### Exercise
Return the lines of the data below, from the one containing "モンクレール MONCLER ダウンジャケット" through the very last, exactly and with both ends included; no pictures.

###

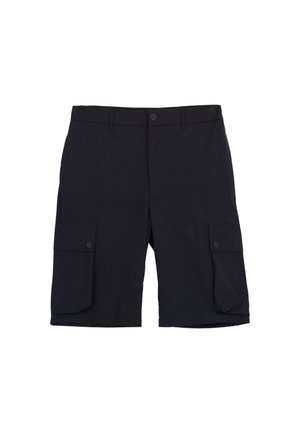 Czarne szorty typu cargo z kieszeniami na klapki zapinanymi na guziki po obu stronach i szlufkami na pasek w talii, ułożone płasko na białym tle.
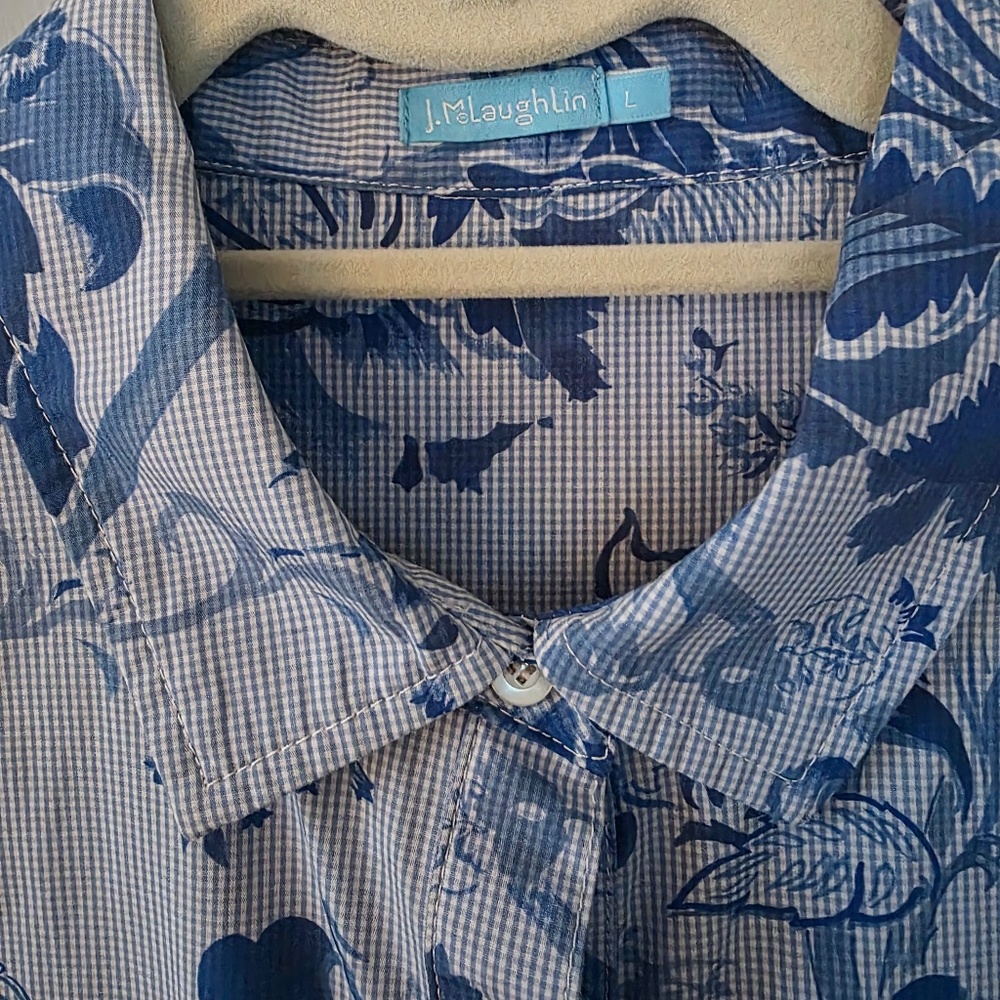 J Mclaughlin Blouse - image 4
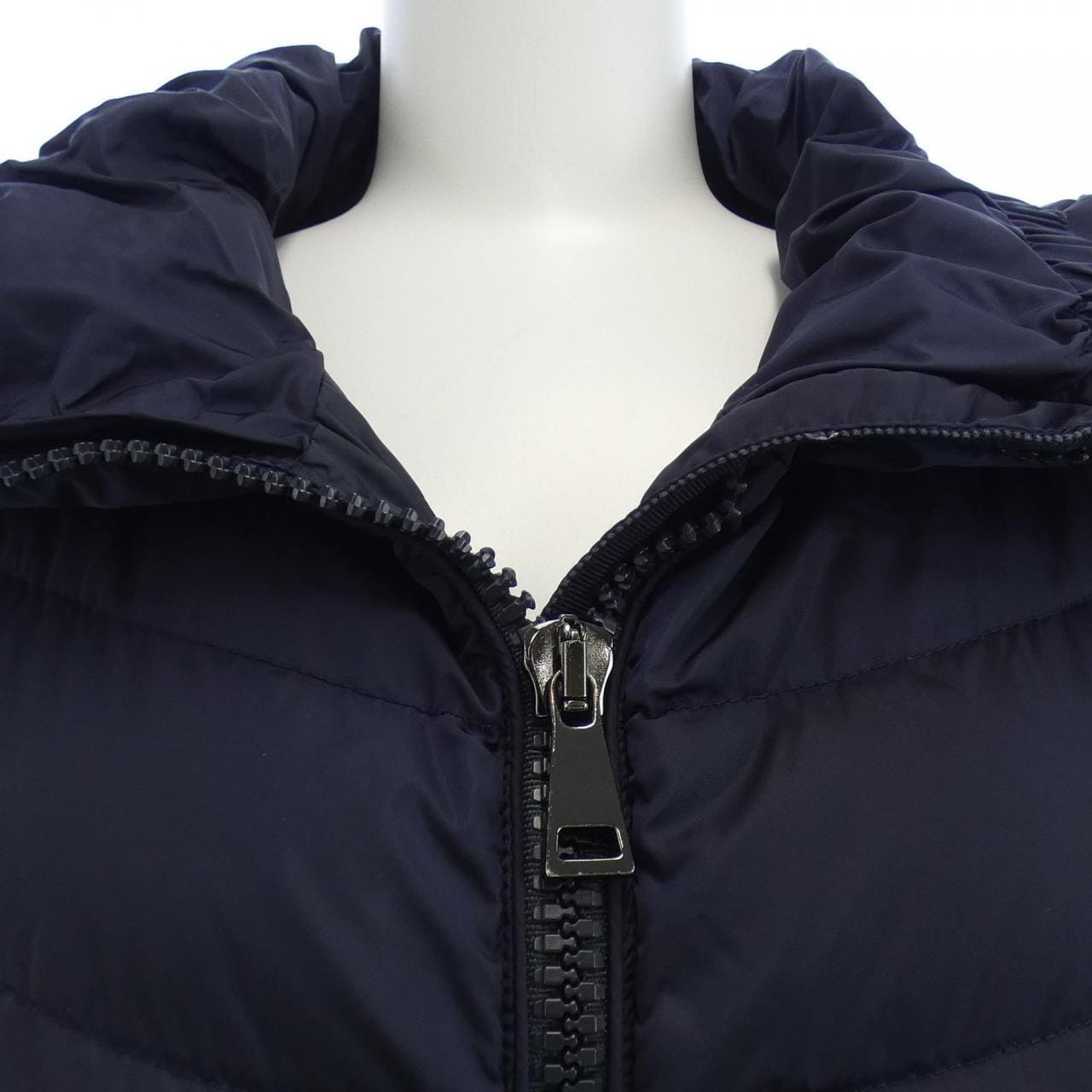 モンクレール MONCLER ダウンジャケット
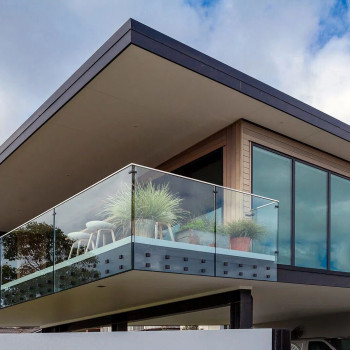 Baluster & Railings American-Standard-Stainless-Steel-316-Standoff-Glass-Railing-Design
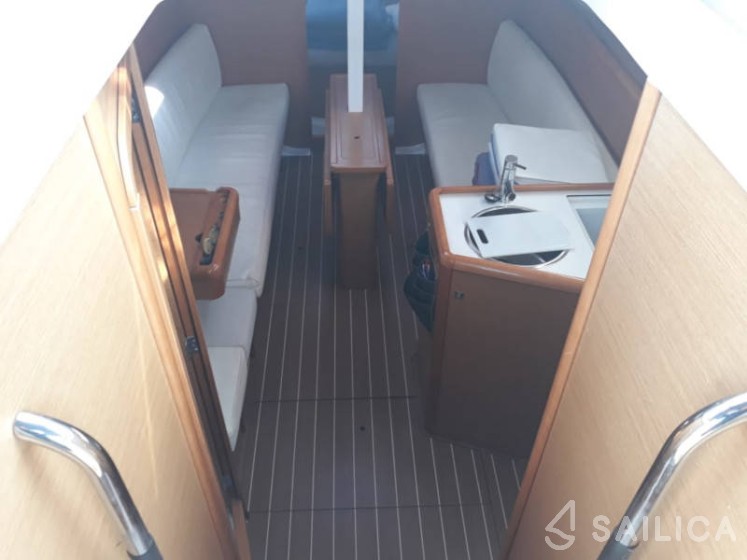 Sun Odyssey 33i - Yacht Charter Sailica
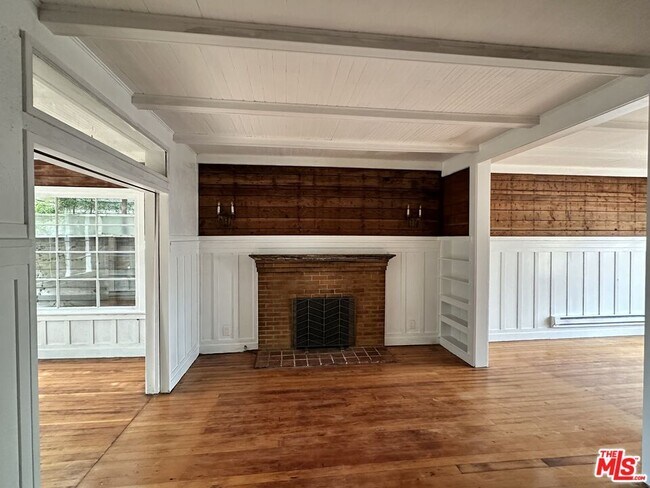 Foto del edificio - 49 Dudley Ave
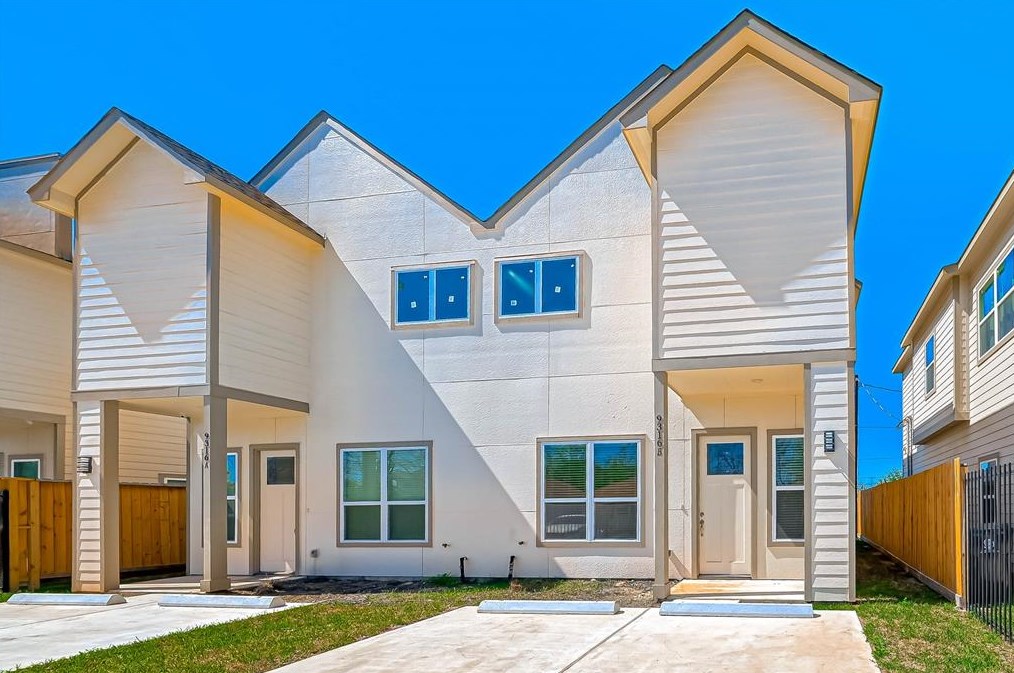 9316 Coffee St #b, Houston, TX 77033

###

### Reply to the task
 モンクレール MONCLER ダウンジャケット
 Baluster & Railings American-Standard-Stainless-Steel-316-Standoff-Glass-Railing-Design
 Sun Odyssey 33i - Yacht Charter Sailica
 Foto del edificio - 49 Dudley Ave
 9316 Coffee St #b, Houston, TX 77033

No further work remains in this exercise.